Fora da ficção, há um processo similar que ocorre com crianças e adolescentes que vivem pelas ruas no País. “Há uma retórica conservadora e intolerante no romance que é muito similar se a gente for pensar nos dias de hoje, com discurso favorável à redução da maioridade penal no Brasil”, afirmou o pesquisador.
Além da exclusão que os priva de direitos básicos, como saúde e educação, tem ainda o agravante das violências físicas e psicológicas cometidas pelo Estado na figura de policiais, demonstra o estudo.
Filme e várias edições do livro Capitães da Areia: obra mostra violações dos direitos humanos – Fotos: Divulgação/Editoras
“O indivíduo que errou sofre uma sanção, como a gente chama na semiótica. Ele vai ser sancionado, ou seja, ele precisa pagar de alguma forma.
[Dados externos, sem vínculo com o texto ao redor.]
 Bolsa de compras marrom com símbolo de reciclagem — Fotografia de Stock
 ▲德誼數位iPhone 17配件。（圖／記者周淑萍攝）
Seja no seu grau extremo do discurso intolerante, na exclusão ou na atuação do próprio estado penal, porque é o estado penal que atua na exclusão da população mais pobre”, disse Leandro Barroso.
Nesse sentido, a atuação estatal destacada no romance, além de oferecer recursos para analisar as violações de direitos, coloca em prova outra discussão: a ideia de que a identidade nacional foi formada a partir da celebração da mistura entre raças e classes sociais distintas.
Barroso defende que os personagens valorizados na obra de Jorge Amado, como população negra e periférica, mostram os conflitos em torno da aceitação de valores que estejam fora dos padrões sociais da burguesia e da branquitude, por exemplo.
“Em Capitães da Areia é tematizado o conflito de classes. Então há um rompimento com esse projeto de que fomos formados a partir de uma benignidade nacional”, disse o pesquisador.
O pesquisador e a pesquisa
Leandro Lima Barroso é mestrando no Programa de Pós-Graduação em Semiótica e Linguística do Departamento de Linguística da FFLCH. Sua dissertação é desenvolvida com bolsa da Coordenação de Aperfeiçoamento de Pessoal de Nível Superior (Capes).
Seus objetivos com o estudo envolvem explorar um autor que, para ele, é pouco analisado dentro da Universidade. “Meu intuito é resgatar o Jorge Amado para os dias de hoje, analisando o passado para melhor entender o presente e o futuro, também tentando dialogar com alguns desafios do nosso tempo, sobretudo a questão da população de rua, que vem crescendo constantemente”, afirmou.
Sua dissertação Política, Ideologia e Direitos Humanos em Capitães da Areia: uma abordagem semiótica será defendida em dezembro de 2022.